I have what I am sure is a trivial question, but I can't seem to answer it for myself.
In model theory, there is a theorem of Hrushovski which shows that if T is a totally categorical theory (i.e., T is complete and has exactly one model of each infinite cardinality up to isomorphism), then (i) T is not finitely axiomatizable, but (ii) T is finitely axiomatizable modulo infinity; that is, there is some sentence p such that T is precisely the set of sentences true in every infinite model of p.
My question is to what extent the converse holds. That is, let T be a (EDIT: complete) theory which is finitely axiomatizable modulo infinity, but which is not finitely axiomatizable. Then is T necessarily totally categorical, and if not, what sort of assumptions on T are enough to ensure total categoricity?
(The assumption that T is not actually finitely axiomatizable is clearly necessary: otherwise, take the theory DLO of dense linear orders without endpoints, which is countable categorical but not uncountable categorical.)
Assuming that your logic includes equality, the answer to the first part of the question is "no".
For a counterexample, let $T$ be the theory with axioms $$(\exists x_1)(\exists x_2)\cdots(\exists x_n) \bigwedge_{1\le i<j\le n} x_i\ne x_j$$ for all integers $n\ge 2$. Then the models of $T$ are exactly all infinite interpretations of its language. This is not finitely axiomatizable, because in the pure predicate calculus with equality, any sentence with an infinite model also has finite models.

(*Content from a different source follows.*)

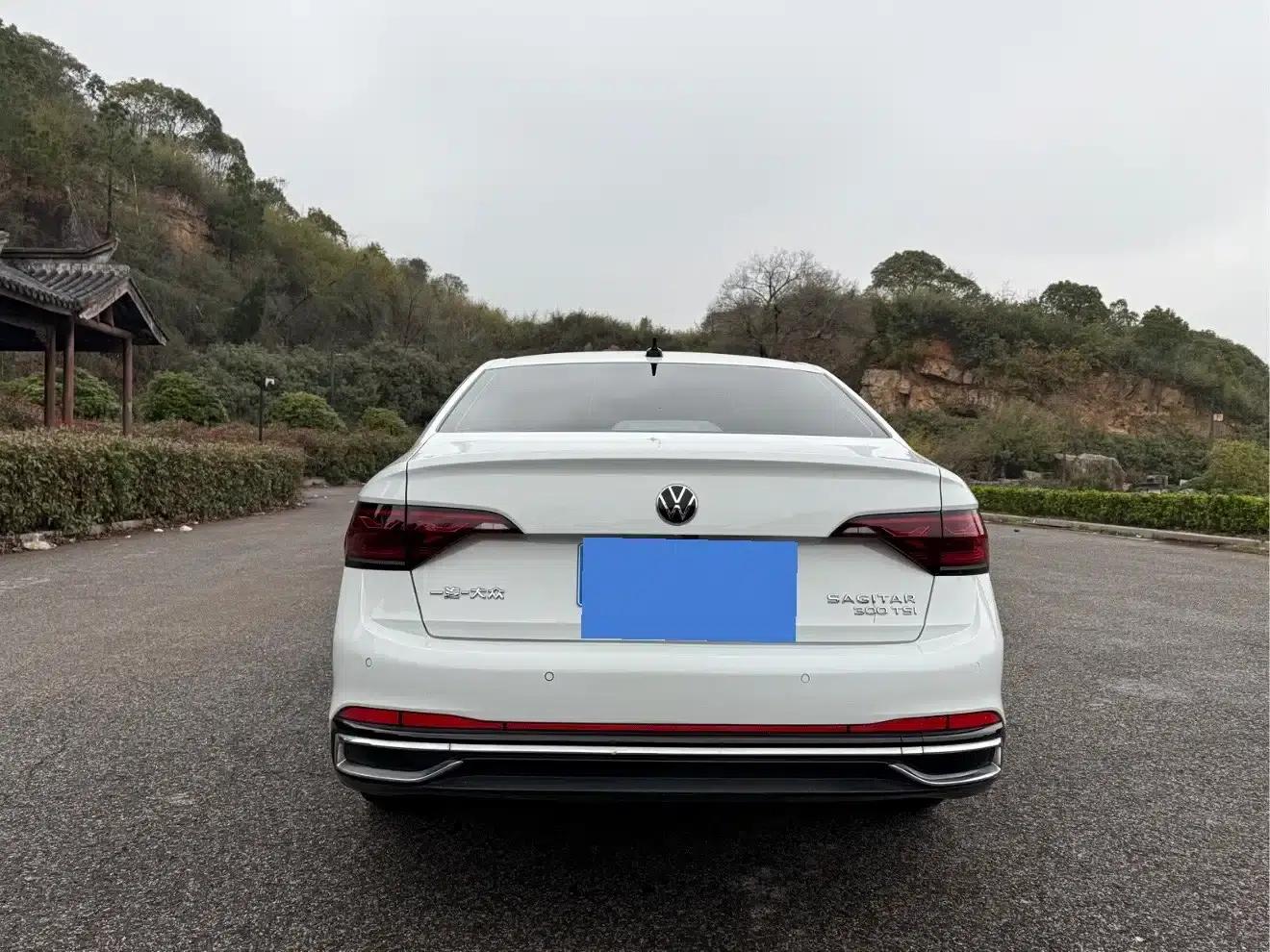 2023 Volkswagen Sagitar 300TSI DSG Super Edition — миниатюра 4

However, $T$ is finitely axiomatizable modulo infinity (you can take $p$ to be any propositional tautology, for example), and -- provided we add some relation apart from equality to its vocabulary -- it is obviously very far from from categorical; so far that it seems doubtful that there is any natural way to extend your condition to a sufficient one, without the additional conditions being sufficient in themselves.